Please print the data shown below without any alteration.

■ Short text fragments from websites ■
________________________________________
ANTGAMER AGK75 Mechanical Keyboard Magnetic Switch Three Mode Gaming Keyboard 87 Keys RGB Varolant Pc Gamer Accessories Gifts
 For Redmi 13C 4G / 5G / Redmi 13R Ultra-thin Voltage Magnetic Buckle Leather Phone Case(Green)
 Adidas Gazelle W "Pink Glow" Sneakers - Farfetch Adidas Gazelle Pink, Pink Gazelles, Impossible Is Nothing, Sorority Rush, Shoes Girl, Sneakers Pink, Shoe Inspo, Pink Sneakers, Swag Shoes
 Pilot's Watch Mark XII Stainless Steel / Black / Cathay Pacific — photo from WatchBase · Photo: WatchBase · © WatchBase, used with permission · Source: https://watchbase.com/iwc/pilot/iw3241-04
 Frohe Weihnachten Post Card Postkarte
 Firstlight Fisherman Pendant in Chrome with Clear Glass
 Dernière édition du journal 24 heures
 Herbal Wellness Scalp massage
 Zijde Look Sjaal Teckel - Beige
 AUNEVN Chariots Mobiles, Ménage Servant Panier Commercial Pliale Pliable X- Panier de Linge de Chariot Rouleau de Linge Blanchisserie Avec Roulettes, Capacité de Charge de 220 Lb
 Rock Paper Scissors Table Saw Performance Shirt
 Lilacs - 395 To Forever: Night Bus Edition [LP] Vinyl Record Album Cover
________________________________________
■ OUTPUT FOR THIS EXERCISE ■
ANTGAMER AGK75 Mechanical Keyboard Magnetic Switch Three Mode Gaming Keyboard 87 Keys RGB Varolant Pc Gamer Accessories Gifts
 For Redmi 13C 4G / 5G / Redmi 13R Ultra-thin Voltage Magnetic Buckle Leather Phone Case(Green)
 Adidas Gazelle W "Pink Glow" Sneakers - Farfetch Adidas Gazelle Pink, Pink Gazelles, Impossible Is Nothing, Sorority Rush, Shoes Girl, Sneakers Pink, Shoe Inspo, Pink Sneakers, Swag Shoes
 Pilot's Watch Mark XII Stainless Steel / Black / Cathay Pacific — photo from WatchBase · Photo: WatchBase · © WatchBase, used with permission · Source: https://watchbase.com/iwc/pilot/iw3241-04
 Frohe Weihnachten Post Card Postkarte
 Firstlight Fisherman Pendant in Chrome with Clear Glass
 Dernière édition du journal 24 heures
 Herbal Wellness Scalp massage
 Zijde Look Sjaal Teckel - Beige
 AUNEVN Chariots Mobiles, Ménage Servant Panier Commercial Pliale Pliable X- Panier de Linge de Chariot Rouleau de Linge Blanchisserie Avec Roulettes, Capacité de Charge de 220 Lb
 Rock Paper Scissors Table Saw Performance Shirt
 Lilacs - 395 To Forever: Night Bus Edition [LP] Vinyl Record Album Cover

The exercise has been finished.